Rzeczniczka prasowa rządu Iwona Sulik informowała dzisiaj o spotkaniu ministra pracy Władysława Kosiniaka Kamysza ze związkowcami i pracodawcami wyznaczonym na poniedziałek.

To spotkanie zaplanowane zostało wiele tygodni wcześniej i dotyczy ożywienia dialogu społecznego a nie związkowych postulatów - zaznaczył w rozmowie z IAR szef OPZZ Jan Guz. Dodał, że teraz związkowcy oczekują rozmowy z panią premier o ważnych dla ludzi pracy sprawach - takich jak wiek emerytalny, umowy śmieciowy i problemy poszczególnych branż. Zdaniem związkowców, to powinna być właśnie pani premier a nie minister pracy, który nie ma umocowania do rozwiązania wielu spraw branżowych, gospodarczych i społecznych.

Jan Guz zaznaczył, że związkom zależy, by w rozmowach uczestniczyły trzy centrale związkowe - Solidarność, Forum Związków Zawodowych i OPZZ bez obecności pracodawców.
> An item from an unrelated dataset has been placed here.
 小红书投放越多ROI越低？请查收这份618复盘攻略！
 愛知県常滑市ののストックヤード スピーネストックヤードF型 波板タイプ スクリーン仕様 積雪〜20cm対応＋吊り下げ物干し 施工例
Wiadomo, że pracodawcy mają inne zdanie niż związkowcy i chodzi o to, by przedstawiciele związkowych central mogli spokojnie mówić, co im przeszkadza, co ich dręczy - podkreślił Jan Guz.

Związkowcy oczekują, iż negocjacje związków zawodowych z rządem rozpoczną się jeszcze w styczniu.